The book was published between 1827 and 1838 by John James Audubon, a painter and ornithologist who in 1826 set out to illustrate every bird in North America. Audubon discovered more than 100 bird species during his 12-year mission and even drew some species that have since gone extinct, such as whooping cranes and passenger pigeons.
Audubon’s book features intricate and detailed life-size watercolor paintings of nearly every bird on the continent, and is recognized for its permanent influence on the art of wildlife illustration.
“At a time when photography was still at its infancy and not accessible for most, scientific journals heavily relied on paintings and drawings to illustrate animals,” said Diana Duncan, the Field Museum’s technical services librarian, in a statement. “Birds were not seen as art subjects, so Audubon’s unique and beautiful, life-size renderings were impactful not only in the scientific community for capturing the birds at their most natural but also in the art world.”
There are thought to be about 120 intact copies of “Birds of America,” which until 2013 held the record for the most money paid at auction for a single printed work: $11.5 million.

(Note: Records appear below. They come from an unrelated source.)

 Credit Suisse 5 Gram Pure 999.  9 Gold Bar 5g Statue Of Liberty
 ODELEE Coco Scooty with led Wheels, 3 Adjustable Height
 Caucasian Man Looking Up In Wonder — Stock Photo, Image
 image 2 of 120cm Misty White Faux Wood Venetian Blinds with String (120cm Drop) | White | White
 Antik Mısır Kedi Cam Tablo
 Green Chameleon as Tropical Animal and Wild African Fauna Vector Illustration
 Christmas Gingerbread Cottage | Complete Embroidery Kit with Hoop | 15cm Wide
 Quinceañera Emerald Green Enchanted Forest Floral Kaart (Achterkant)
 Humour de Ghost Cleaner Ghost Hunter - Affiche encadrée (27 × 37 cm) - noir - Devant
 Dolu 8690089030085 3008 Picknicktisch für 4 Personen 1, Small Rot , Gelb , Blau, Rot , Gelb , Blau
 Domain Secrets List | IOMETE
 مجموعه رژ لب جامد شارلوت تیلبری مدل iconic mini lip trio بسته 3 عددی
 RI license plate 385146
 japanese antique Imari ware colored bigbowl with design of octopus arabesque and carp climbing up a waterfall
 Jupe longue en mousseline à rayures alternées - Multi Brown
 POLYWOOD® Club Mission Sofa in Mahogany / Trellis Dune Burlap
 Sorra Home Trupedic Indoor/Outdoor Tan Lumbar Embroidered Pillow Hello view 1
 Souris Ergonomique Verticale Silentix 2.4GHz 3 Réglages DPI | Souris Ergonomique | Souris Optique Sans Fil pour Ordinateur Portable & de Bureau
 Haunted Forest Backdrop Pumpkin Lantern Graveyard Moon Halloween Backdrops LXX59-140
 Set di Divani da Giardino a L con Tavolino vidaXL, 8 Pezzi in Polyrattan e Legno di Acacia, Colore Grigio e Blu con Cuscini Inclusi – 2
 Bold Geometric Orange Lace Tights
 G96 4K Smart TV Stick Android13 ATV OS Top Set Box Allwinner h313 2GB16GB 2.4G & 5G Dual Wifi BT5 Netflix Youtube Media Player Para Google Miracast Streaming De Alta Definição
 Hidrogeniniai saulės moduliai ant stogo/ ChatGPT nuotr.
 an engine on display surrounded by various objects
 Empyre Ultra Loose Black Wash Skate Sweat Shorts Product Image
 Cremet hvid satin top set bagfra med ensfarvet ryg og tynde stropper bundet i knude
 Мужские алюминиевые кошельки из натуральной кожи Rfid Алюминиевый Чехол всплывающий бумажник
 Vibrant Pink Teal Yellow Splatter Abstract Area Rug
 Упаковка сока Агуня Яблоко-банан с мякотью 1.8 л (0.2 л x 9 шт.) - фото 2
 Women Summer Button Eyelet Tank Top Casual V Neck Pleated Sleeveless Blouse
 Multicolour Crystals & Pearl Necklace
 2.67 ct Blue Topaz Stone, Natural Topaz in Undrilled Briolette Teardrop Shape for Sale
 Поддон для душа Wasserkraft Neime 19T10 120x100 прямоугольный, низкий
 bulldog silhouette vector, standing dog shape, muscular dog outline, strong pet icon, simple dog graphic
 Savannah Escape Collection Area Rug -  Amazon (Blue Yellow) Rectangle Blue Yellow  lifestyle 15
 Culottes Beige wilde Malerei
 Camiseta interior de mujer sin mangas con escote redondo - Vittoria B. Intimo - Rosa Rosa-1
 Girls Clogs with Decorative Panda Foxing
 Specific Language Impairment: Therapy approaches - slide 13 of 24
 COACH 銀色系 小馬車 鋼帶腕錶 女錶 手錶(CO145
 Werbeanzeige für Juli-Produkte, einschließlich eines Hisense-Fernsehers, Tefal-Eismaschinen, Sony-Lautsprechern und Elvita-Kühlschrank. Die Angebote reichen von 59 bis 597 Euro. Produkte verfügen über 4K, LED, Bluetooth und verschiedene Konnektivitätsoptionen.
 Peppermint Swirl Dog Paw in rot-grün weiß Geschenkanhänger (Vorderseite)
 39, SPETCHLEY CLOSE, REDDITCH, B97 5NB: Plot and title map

According to the National Audubon Society, the environmental and conservation nonprofit named after the book’s author, it is estimated that, when adjusted for inflation, five of the 10 most expensive books ever sold were copies of Audubon’s book.
The book itself is so big that it takes three Field Museum staff members to open its display case. Yet the book is also incredibly fragile, and its 3-foot-tall pages are turned just once a week to limit additional wear and tear, according to the museum.
The Field’s new exhibit, “Audubon’s Birds of America,” is housed in Brooker Gallery, the walls of which now feature floor-to-ceiling replicas of Audubon’s most famous paintings.
In addition to Audubon’s book, the exhibit will present his work via slideshow and will also include a display case featuring actual ivory-billed woodpeckers from the Field’s collections. Considered the “holy grail bird” because of its appearance and behavior, the large woodpeckers “have almost certainly vanished from North America,” said Jaap Hoogstraten, the Field’s director of exhibitions, in a statement.
The exhibit, which is presented in both English and Spanish, opened is on display through Dec. 1. Access to the exhibit is included with general admission.